A newly passed amendments to the law on broadcasting gives the state the power to act on occurrences of hate speech, obscene language and incitement of violence in the news media. Previously subject to self-regulation by media companies, these matters now largely fall into the purview of the Georgian National Communications Commission (GNCC).
Media companies can still take their own actions regarding violations of ethical standards, but these actions are now subject to appeal in the GNCC. If the in-house reactions are found unsatisfactory, the Commission can take disciplinary measures against the company, ranging from a warning to a fine to revocation of its broadcasting license.
When it comes to obscene content, the GNCC can now take immediate disciplinary action without waiting for media companies to deal with such cases through internal regulatory mechanisms.
While the amendment was advertised as a measure for maintaining peace and professional standards in the media, there is a strong mistrust among media companies and freedom of expression watchdogs toward the government's intentions.
"Legal regulation of hate speech is fraught with risks in the light of government's intolerance toward free speech, the lack of strongly independent regulatory agency and poor level of trust in the court system," said the Georgian chapter of Transparency International, a global anti-corruption watchdog.
The governing party, Georgian Dream, argued that the change was needed to bring the national law in line with the European Union laws and regulations, and was part of the nation's broader effort to harmonize its legal system with the bloc to pave the way for potential membership in the future. But the Council of Europe found the amended law to be at odds with European norms.
"There are a number of provisions that do not align with EU and Council of Europe standards," the Council of Europe said in its assessment, adding that overall the law does not comply with the EU-wide broadcasting regulation, the Audiovisual and Media Services Directive. Some clauses, the Council said, run counter to the European Convention on Human Rights, a list of rights and freedoms mandatory for the members of the Council of Europe (which include Georgia).
A number of steps need to be taken to align the law with European standards, said the Council of Europe. This includes guaranteeing the independence of the regulatory body, clarifying the definitions of hate speech, and modifying the grounds for suspension of broadcasting licenses.

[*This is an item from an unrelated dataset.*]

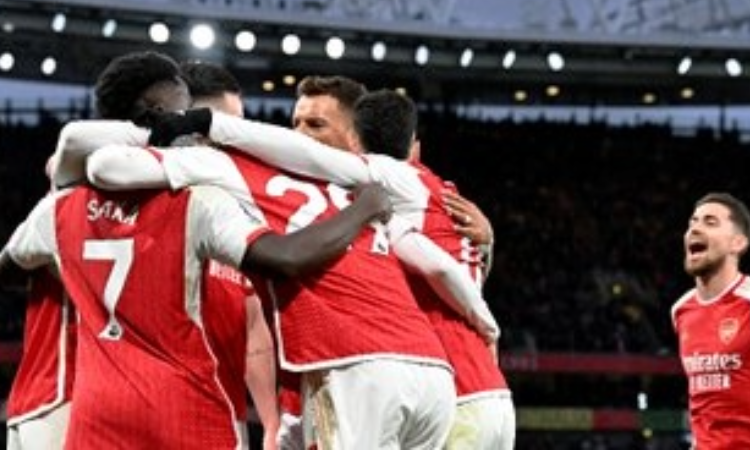 Arsenal karakterinin en büyük sınavını geçti, şimdi gözler zirvede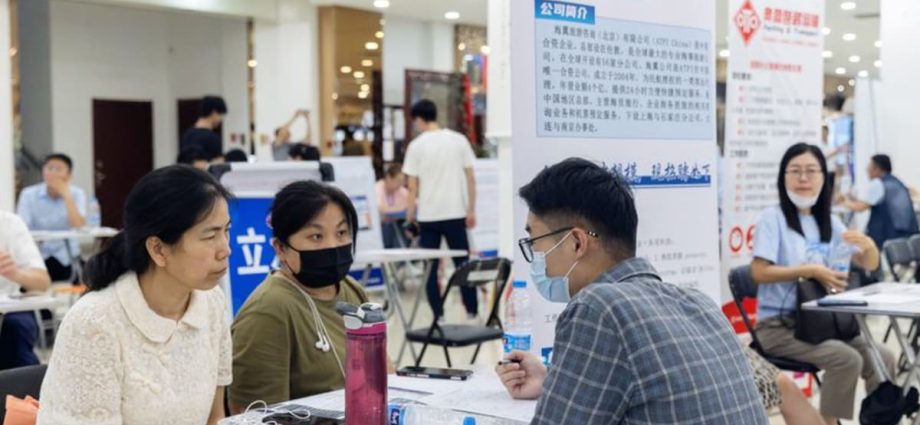 Chinaâs overseas students face hazy future, with tough job markets at home and abroad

The change comes amid an all but open war between the ruling Georgian Dream party and the bulk of the broadcast media and civil society. The governing party is boycotting critical TV companies and is accusing key democracy watchdogs of fomenting unrest.
Georgia's media environment ranks as average in one key global freedom and democracy score chart (3.25 out 7). Freedom House said that the media scene remains "diverse and vibrant," but at the same time deeply polarized and attacks on the freedom of the media remain a problem.